The technical requirements are modest “such that nearly anyone with a modern computer should be able to run it. By one measure, there are 67,000 Bitcoin Core nodes (software instances) currently being run,” the NYDIG team explained.
This omits important network participants “such as miners, wallets owners, and exchanges, but we are going for simplification here – plus Bitcoin Core incorporates all of that functionality, as well.”
This system, the network of software, “allows participants to send, receive, and hold bitcoins, the native asset endogenous to the system. It also allows users to verify and append new transactions between users.”
As noted by NYDIG, these bitcoins don’t live in your wallet. They reside on every computer in the network in “a shared and ever-growing database called the blockchain. The keys (password) are secured in a wallet that gives its owner the right to reach out into this network and move certain bitcoins from one owner to another (along with encoding other information as is increasingly popular).”
That’s it. In that sense, the original white paper “described it best – Bitcoin: A Peer-to-Peer Electronic Cash System.”
Bitcoin is an Asset
Ownership of the bitcoin (little “b”) asset, “unlike stocks or bonds, confers no rights to its owners. Bitcoins produce no cash flow and does not give a voting say in the development of the software. The only right bitcoin ownership confers is the right to move them. Because of this, many critics say that there is no inherent value and there is nothing backing it.”

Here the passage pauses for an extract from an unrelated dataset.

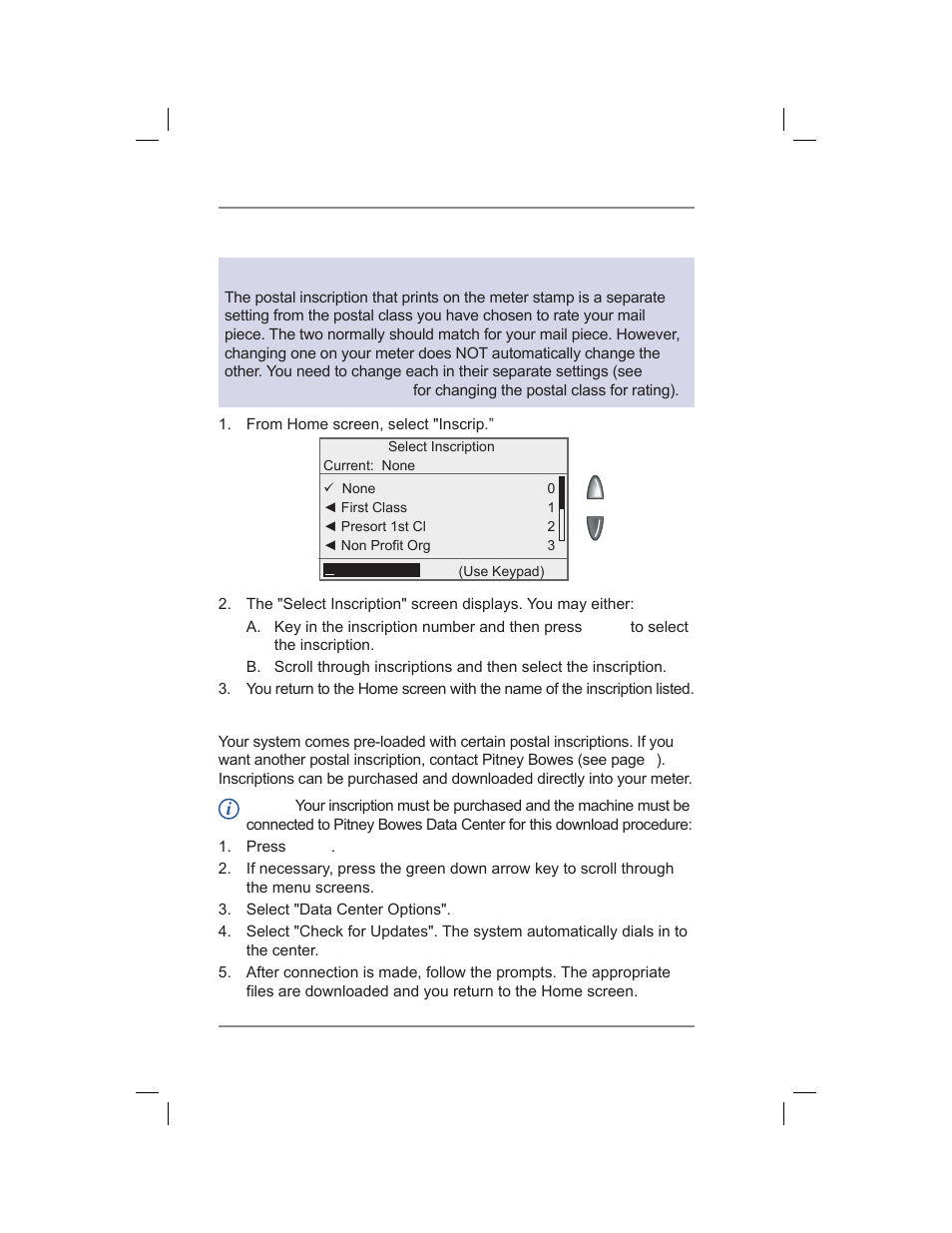 4 • printing options | Pitney Bowes DM400C User Manual | Page 54 / 196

First off, there are plenty of assets “that investors hold that produce no cash flow, even in the theoretical construct – precious metals (gold, silver, platinum), art, collectibles (automobiles, watches, jewelry, handbags, fine wines) are just some of them.”
As an aside, bitcoin is a monetary base, “not a stock, bond, real estate or company. One should not expect a monetary base to produce cash flow (even US dollars have to be invested to generate a return). Comparing bitcoin with these other asset classes is like comparing apples and oranges.”

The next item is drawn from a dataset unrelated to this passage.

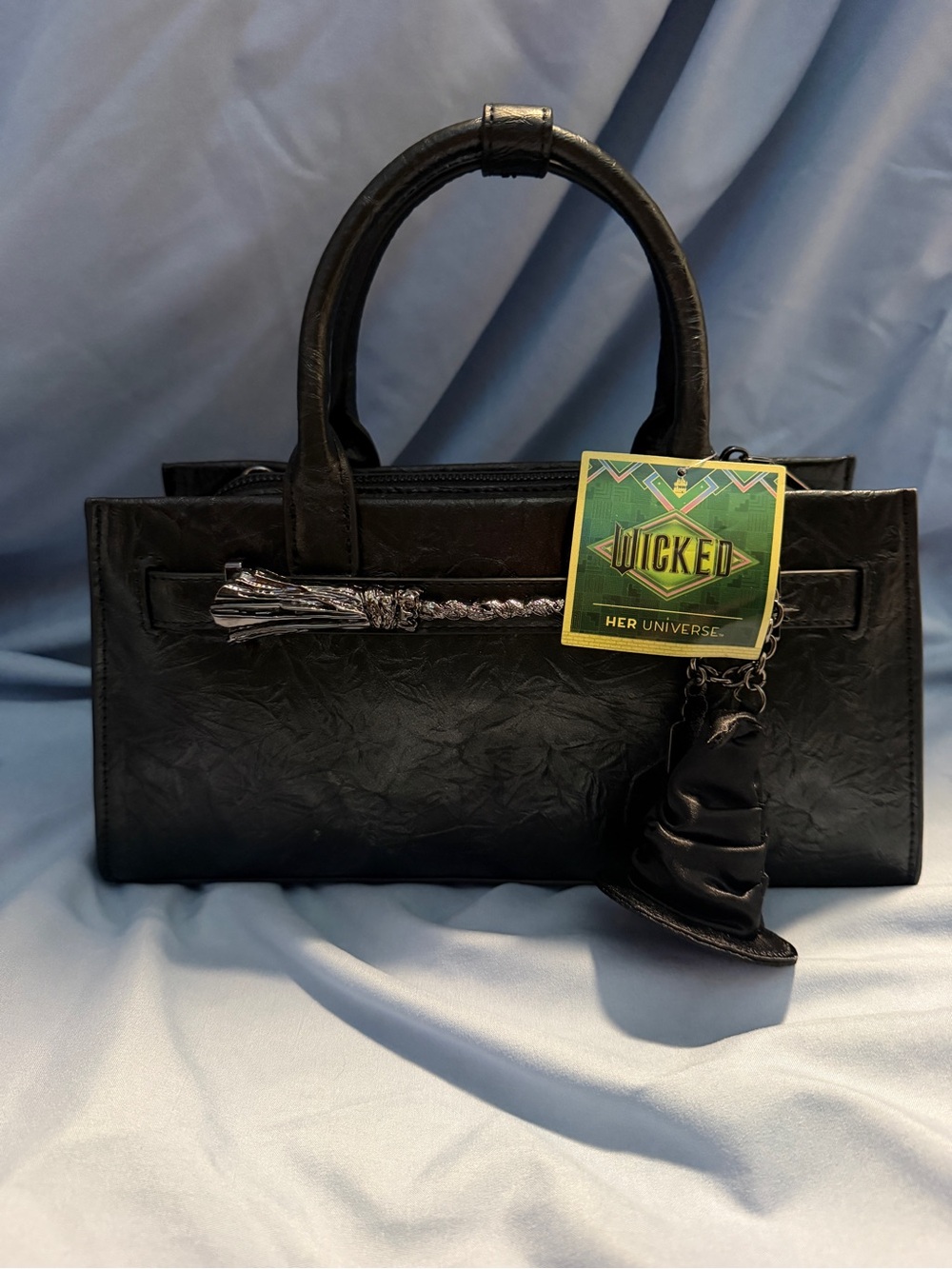 Her Universe Black Wicked Themed Satchel with Tassel Charm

Why do investors own non-income producing assets?
The report explains that this is either “for objective reasons (returns and risk characteristics), subjective reasons (they enjoy the art), or both. While there might be subjective reasons for owning bitcoin (social media status, group alignment with political/economic beliefs), we would guess that most of the value in bitcoin ownership comes down to objective reasons (risk diversifier, return profile, globally transmissible, nearly infinite divisibility, and weightless in its cost to transport).”
Much of that objective value comes “from technical properties, but there are important subjective properties as well.”
It should be of little debate that Bitcoin has “a programmatic supply function, one that is halved roughly every four years until it is exhausted at nearly (not exactly) 21 million bitcoins.”
This happens for a technical reason – “eventually the block reward can no longer be divided in half. But whether a fixed supply is valuable is complicated subject.”
As stated in the update, Bitcoin continued its “upward trajectory this week, zooming up 14.6% on the week.”
Bitcoin seemed to make short work of “even level” price resistance, “punching through $40K without much effort.”
At its highest point this week, bitcoin touched $45K. The asset is now “up 161.2% on the year, a stark contrast of where it was at this point a year ago.”